» Task statement
Repeat exactly the stretch of lines that starts with the one containing "Trendy Apparel 4th" and ends with the last line of the material. Leave out pictures.

» Data to examine
--- --- ---

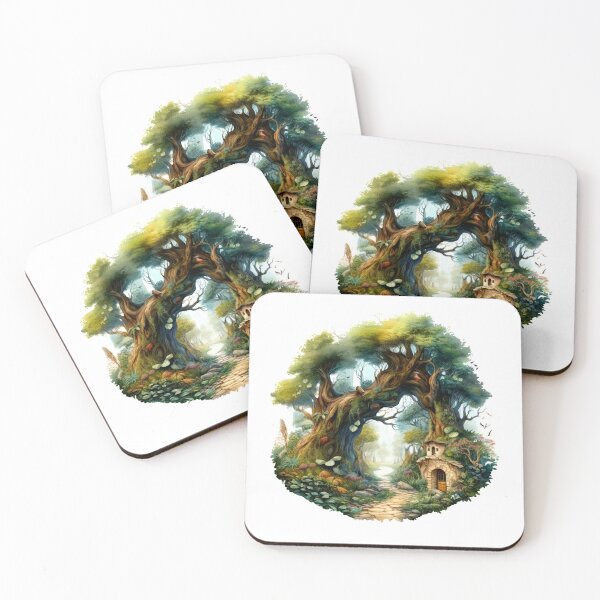 Item preview, Fantasy watercolor forest designed and sold by Estalon.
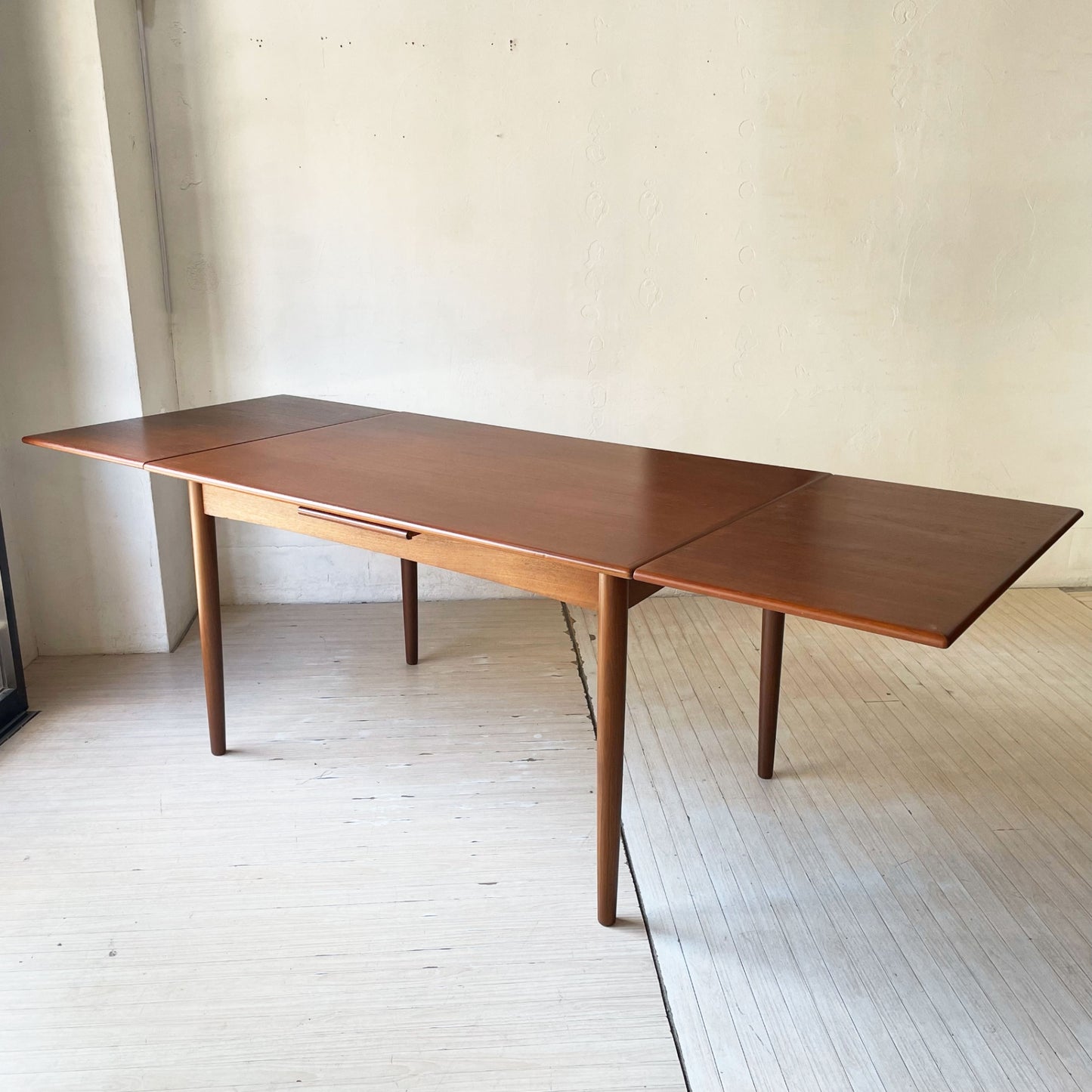 デンマークビンテージ Danish Vintage エクステンション EX ダイニングテーブル チーク材 伸長式 北欧家具 ★
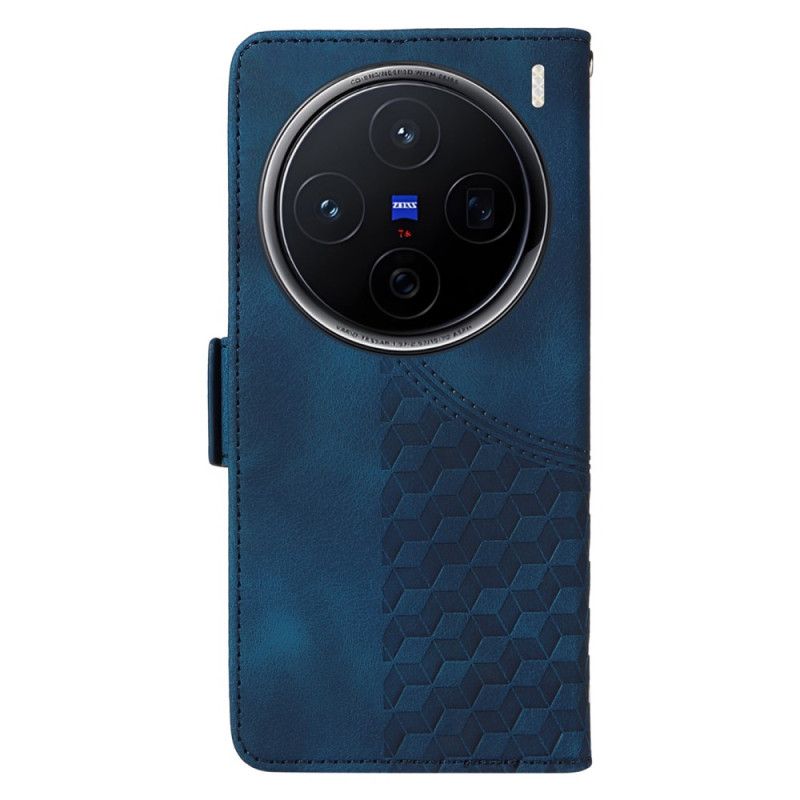 Kožený Kryt Vivo X200 Vzor Hvězd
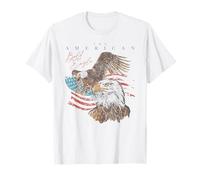 Trendy Apparel 4th of July The American Bald Eagle US Flag Camiseta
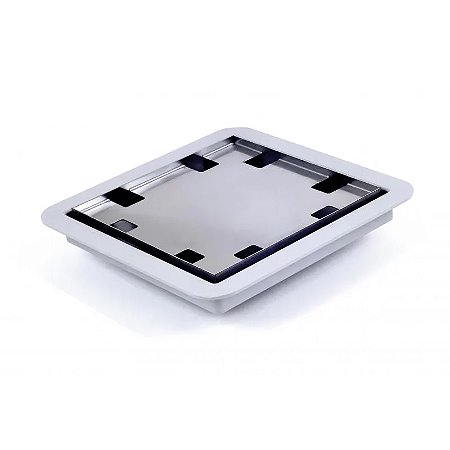Ralo Linear Square Tampa Oculta 15x15cm - Linear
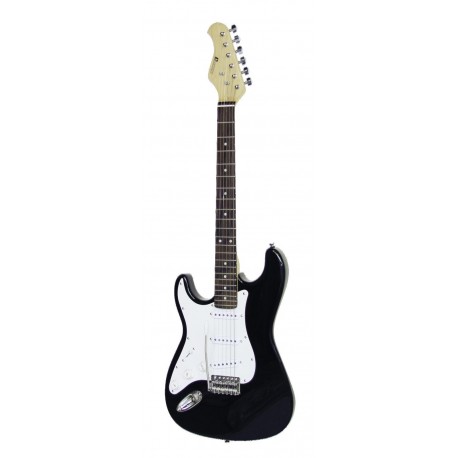 Chitara electrica de mana stanga, ST Style, neagra, Dimavery -ST-203 E-Guitar LH, black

--- --- ---

» Answer space
 Trendy Apparel 4th of July The American Bald Eagle US Flag Camiseta
Ralo Linear Square Tampa Oculta 15x15cm - Linear
 Chitara electrica de mana stanga, ST Style, neagra, Dimavery -ST-203 E-Guitar LH, black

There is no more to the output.